Frage an Tabea Rößner von Esther B. bezüglich Gesundheit
- Reserve-Antibiotika, die zur Rettung von Menschenleben gedacht sind, werden in der Tierhaltung eingesetzt.
- Pharmafirmen lassen es zu, dass Antibiotika-Abfälle (im Ausland) einfach in die Umwelt gelangen.
- Es gibt ein Pfand auf leere Dosen, aber keines auf Verpackungen oder Reste von Antibiotika.
- Der laxe Umgang mit Antibiotika bei uns und noch gravierender in vielen anderen Ländern gefährdet die Gesundheit aller.
Was gedenken Sie gegen die fortschreitende Entstehung und Ausbreitung multiresistenter Keime zu tun?
Sehr geehrte Frau B.,
vielen Dank für Ihre Anfrage vom 21. August 2017. Ich teile Ihre Sorge um die Ausbreitung multiresistenter Keime.
In der Tat bleibt der Einsatz sogenannter Reserveantibiotika in der Tierhaltung auf hohem Niveau – trotz der Reduktionserfolge bei der Gesamtmenge abgegebener Antibiotika. Doch gerade diese sensible Arzneimittelgruppe muss für die Verwendung im Humanbereich vorgehalten werden.
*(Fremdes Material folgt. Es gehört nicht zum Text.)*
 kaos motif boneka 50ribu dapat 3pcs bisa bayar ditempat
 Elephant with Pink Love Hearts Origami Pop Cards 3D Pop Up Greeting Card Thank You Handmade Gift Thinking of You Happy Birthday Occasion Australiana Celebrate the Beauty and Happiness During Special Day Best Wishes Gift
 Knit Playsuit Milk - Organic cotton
Relevante Reserveantibiotika müssen in einer Positivliste des Bundesministeriums für Ernährung und Landwirtschaft aufgeführt werden. Nur in begründeten Ausnahmefällen dürfen diese Medikamente in den Ställen eingesetzt werden. Das von den Koalitionsparteien vorgelegte Umwidmungsverbot ist nur Schönfärberei.
Den Tierärztinnen und Tierärzten kommt im Umgang mit Antibiotika eine ganz entscheidende Rolle zu. Sie sollen die Tierhalter beraten, wie sie durch die Haltung und Fütterung die Gesundheit der Tiere fördern können. Nämlich durch mehr Platz, Licht, Zugang zu Außenbereichen, Beschäftigung und artgerechtes Futter. Wir wollen, dass diese Fachleute wieder mit der Anwendung ihres Wissens ihren Lebensunterhalt bestreiten können und nicht durch den Verkauf von Antibiotika im Familienpack. Daher fordern wir eine Stärkung der vorbeugenden tierärztlichen Bestandsbetreuung. Es müssen einheitliche Abgabepreise für Antibiotika festgelegt und die Rabattgewährung aufgehoben werden.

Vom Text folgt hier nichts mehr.